WORK TO BE COMPLETED => Write the lines out again, from the top of the material to the line containing "The first thing", pictures excluded.

COLLECTED MATERIAL =>
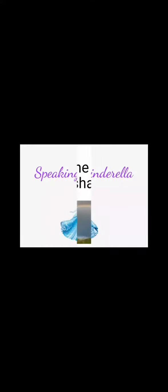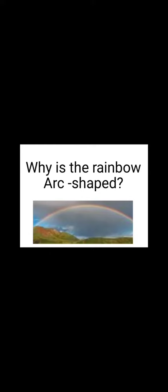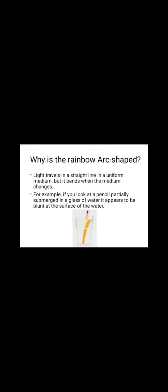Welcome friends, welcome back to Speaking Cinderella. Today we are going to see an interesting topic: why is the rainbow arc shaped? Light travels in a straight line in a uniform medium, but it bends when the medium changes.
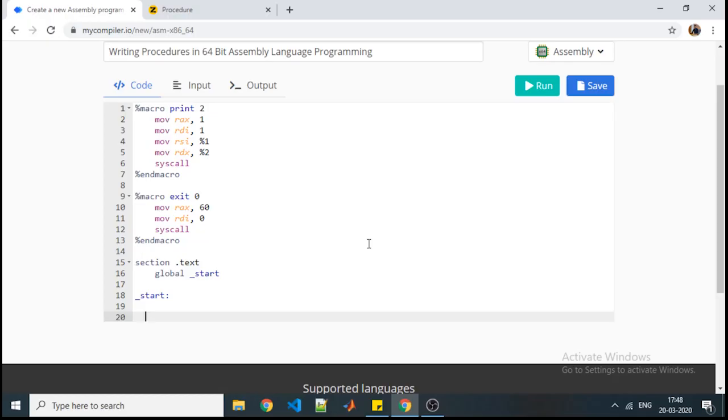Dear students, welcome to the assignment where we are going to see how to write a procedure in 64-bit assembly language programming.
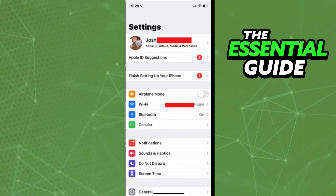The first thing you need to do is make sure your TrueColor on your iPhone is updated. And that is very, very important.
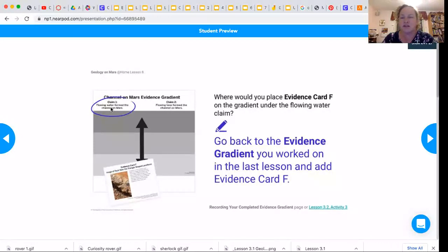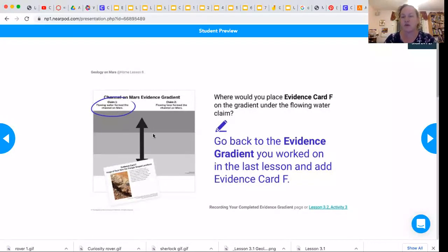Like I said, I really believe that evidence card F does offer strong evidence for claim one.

TASK RESULT =>
Welcome friends, welcome back to Speaking Cinderella. Today we are going to see an interesting topic: why is the rainbow arc shaped? Light travels in a straight line in a uniform medium, but it bends when the medium changes.
Dear students, welcome to the assignment where we are going to see how to write a procedure in 64-bit assembly language programming.
The first thing you need to do is make sure your TrueColor on your iPhone is updated. And that is very, very important.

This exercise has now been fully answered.